What is needed:
Please reproduce all the records exactly while leaving out their pictures.

Provided data:
________________________

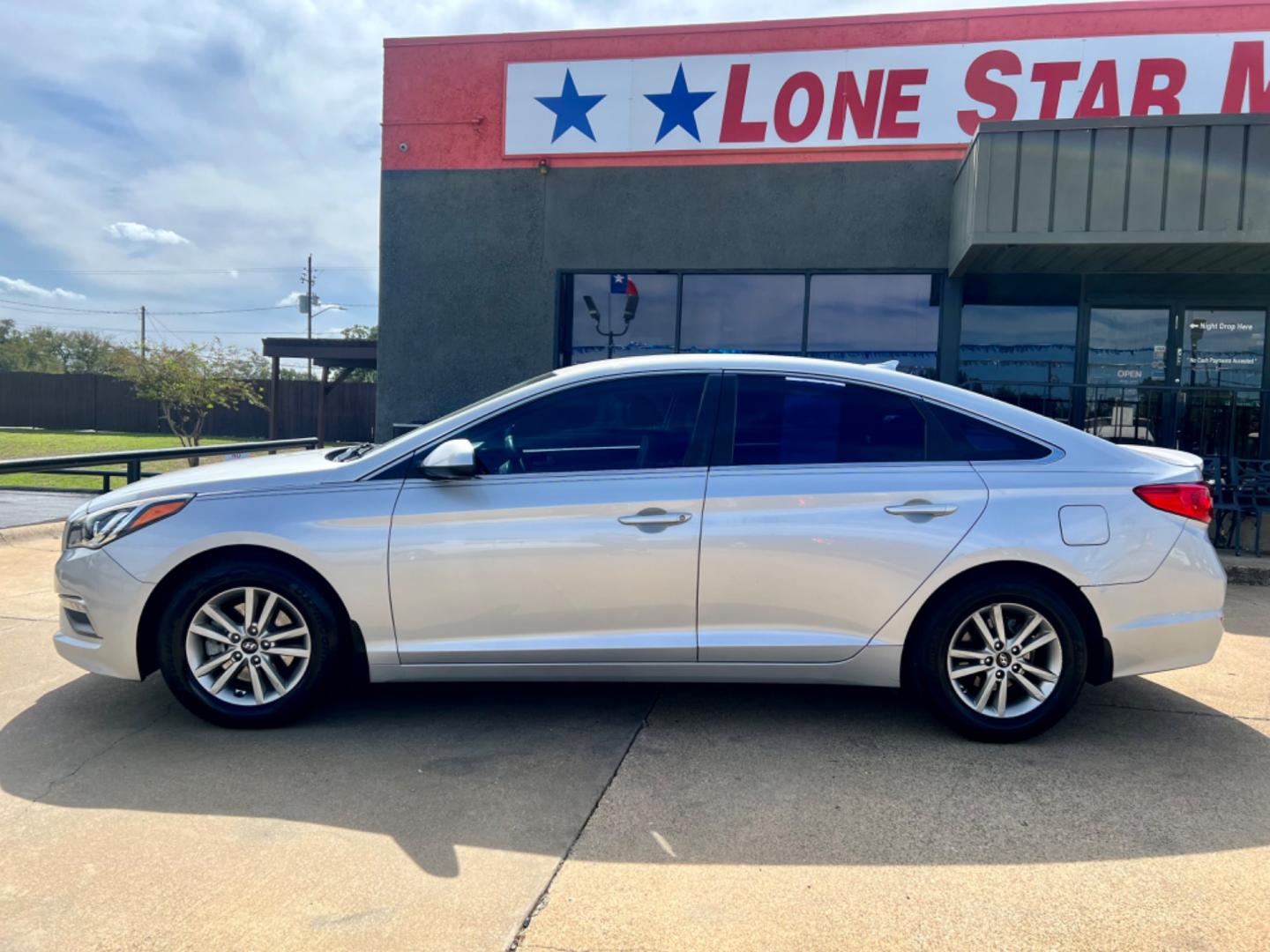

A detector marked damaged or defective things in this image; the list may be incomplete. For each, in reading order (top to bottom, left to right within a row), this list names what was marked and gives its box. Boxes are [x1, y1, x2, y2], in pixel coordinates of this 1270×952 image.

pavement crack [505, 695, 665, 952]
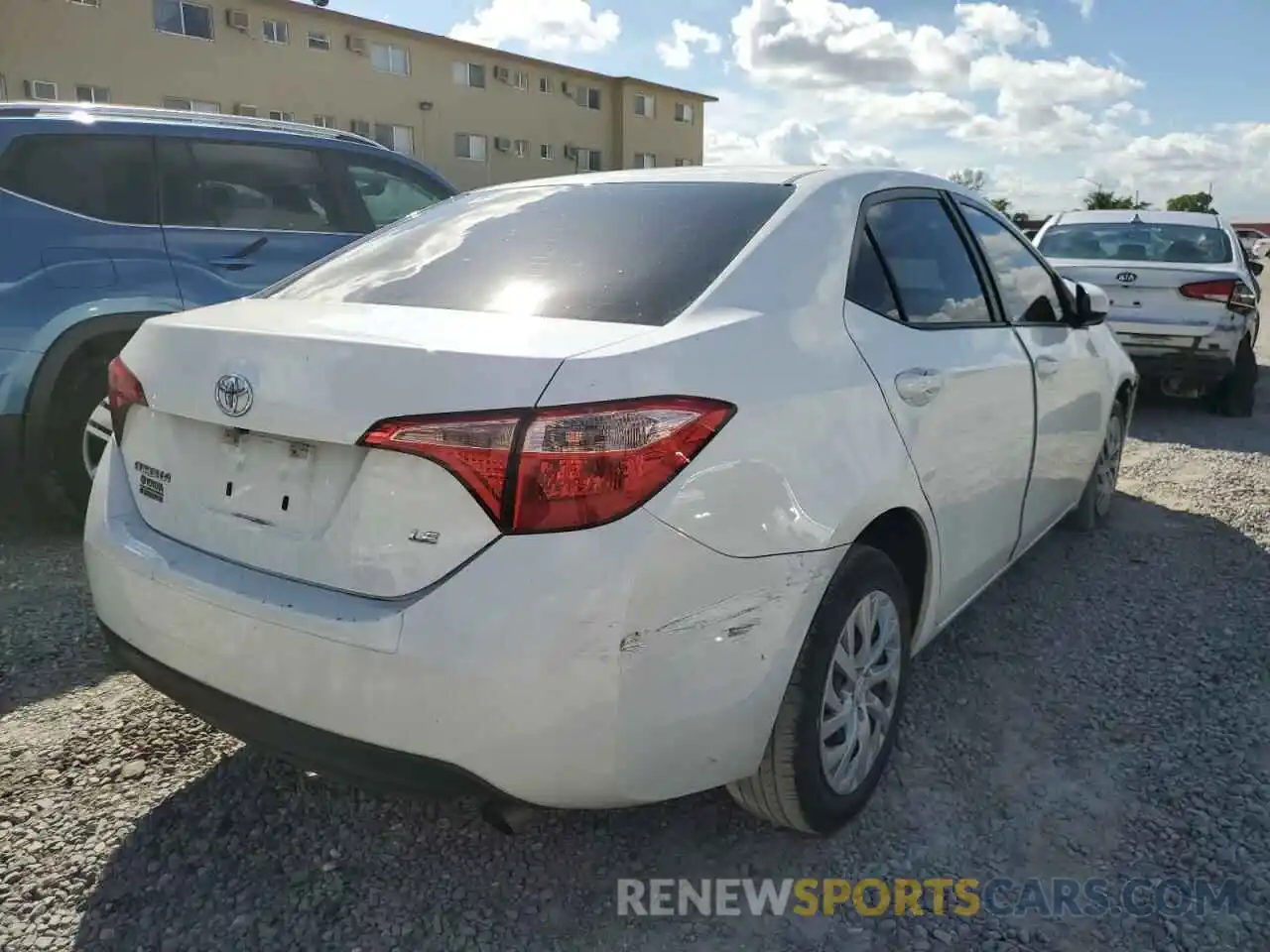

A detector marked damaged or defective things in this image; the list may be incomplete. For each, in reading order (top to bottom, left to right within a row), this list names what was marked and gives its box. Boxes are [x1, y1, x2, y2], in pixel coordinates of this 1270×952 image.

dent on rear bumper [89, 444, 842, 807]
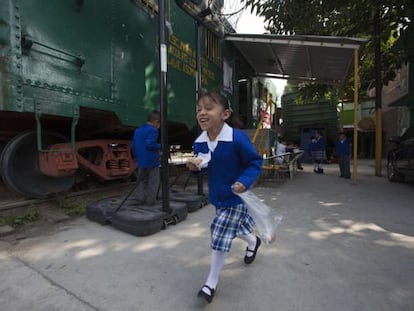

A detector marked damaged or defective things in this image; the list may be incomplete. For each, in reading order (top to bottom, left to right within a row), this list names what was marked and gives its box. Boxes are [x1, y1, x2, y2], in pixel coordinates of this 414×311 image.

rusty train wheel [0, 131, 75, 199]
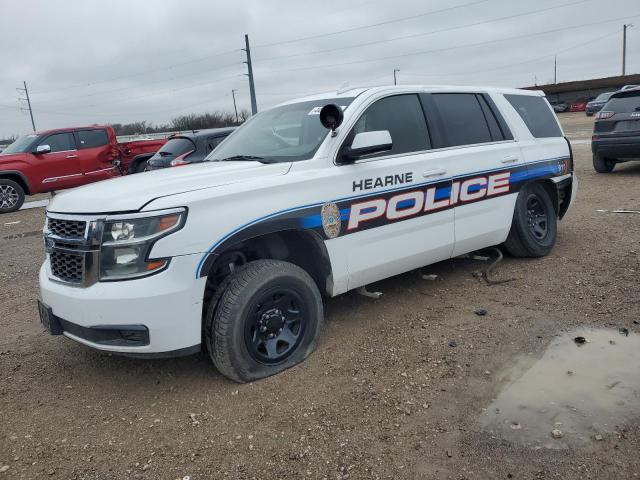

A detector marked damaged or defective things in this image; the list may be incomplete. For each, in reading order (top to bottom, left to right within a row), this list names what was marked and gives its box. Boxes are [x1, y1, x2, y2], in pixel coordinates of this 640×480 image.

damaged tire [504, 183, 556, 256]
damaged tire [206, 258, 324, 382]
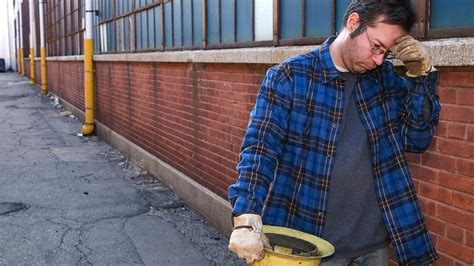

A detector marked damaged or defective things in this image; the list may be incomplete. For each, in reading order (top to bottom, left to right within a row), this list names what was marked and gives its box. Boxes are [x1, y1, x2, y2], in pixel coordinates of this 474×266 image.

cracked pavement [0, 73, 243, 266]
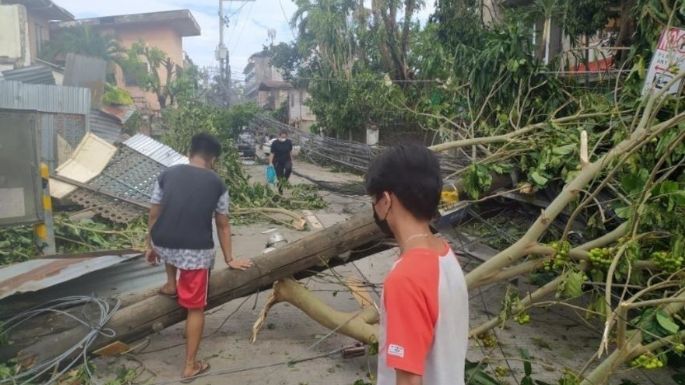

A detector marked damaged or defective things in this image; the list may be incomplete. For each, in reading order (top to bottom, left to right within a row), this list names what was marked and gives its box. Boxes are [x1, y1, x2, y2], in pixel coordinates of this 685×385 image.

rusty metal roof [124, 134, 188, 166]
rusty metal roof [0, 252, 139, 300]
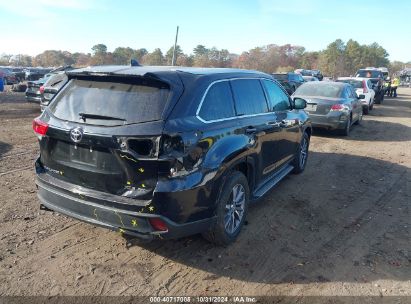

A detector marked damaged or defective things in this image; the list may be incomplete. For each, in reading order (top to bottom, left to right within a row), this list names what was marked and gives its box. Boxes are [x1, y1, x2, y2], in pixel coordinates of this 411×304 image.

damaged rear bumper [36, 171, 216, 240]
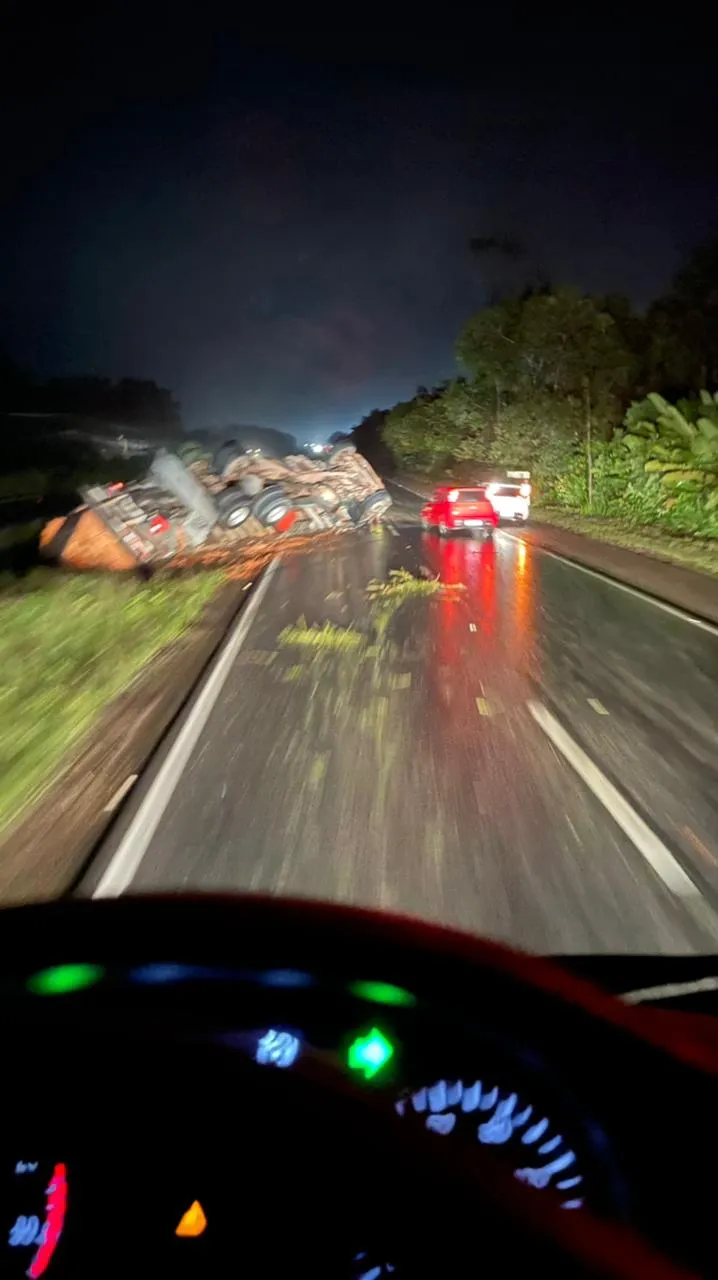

________________________

Result for this task:
A detector marked damaged or defective things in this image; the list may be incomplete. For each, in reading order (top to bottom, left to right within a row), this list names what was marked and gives its box. Boxes are [x1, y1, x2, y2], in pixel coordinates of this 1270×952 image.

pavement crack [505, 695, 665, 952]

A detector marked damaged or defective things in this image; the list may be incomplete. For each, in reading order (top to bottom, left to right within a row), this list names what was marked and gives its box. Boxes are [x1, y1, x2, y2], in pixel coordinates of this 1270×952 image.

dent on rear bumper [89, 444, 842, 807]

A detector marked damaged or defective things in this image; the list may be incomplete. For each, in reading order (top to bottom, left to right within a row), this list names what was marked and gives its box. Boxes are [x1, y1, x2, y2], in pixel coordinates of this 414×311 image.

rusty train wheel [0, 131, 75, 199]

A detector marked damaged or defective things in this image; the list may be incomplete. For each, in reading order (top to bottom, left to right within a row), this list names what was marked and gives its box. Boxes are [x1, y1, x2, y2], in pixel coordinates of this 640×480 image.

damaged tire [504, 183, 556, 256]
damaged tire [206, 258, 324, 382]

A detector marked damaged or defective things in this image; the list may be incomplete. For each, in reading order (top to bottom, left to right within a row), this list names what was marked and gives its box. Boxes are [x1, y1, x2, y2], in pixel coordinates of this 474×266 image.

cracked pavement [0, 73, 243, 266]

A detector marked damaged or defective things in this image; the list may be incomplete. For each, in reading order (top to bottom, left to right within a row), this list names what was marked and gives its box. Boxes are [x1, y1, x2, y2], in pixel coordinates of this 685×385 image.

rusty metal roof [124, 134, 188, 166]
rusty metal roof [0, 252, 139, 300]

A detector marked damaged or defective things in this image; the list may be incomplete. For each, in reading order (top to bottom, left to right within a row), this list names what was marked and gives its box. Boxes are [x1, y1, x2, y2], in pixel coordinates of this 411×304 image.

damaged rear bumper [36, 171, 216, 240]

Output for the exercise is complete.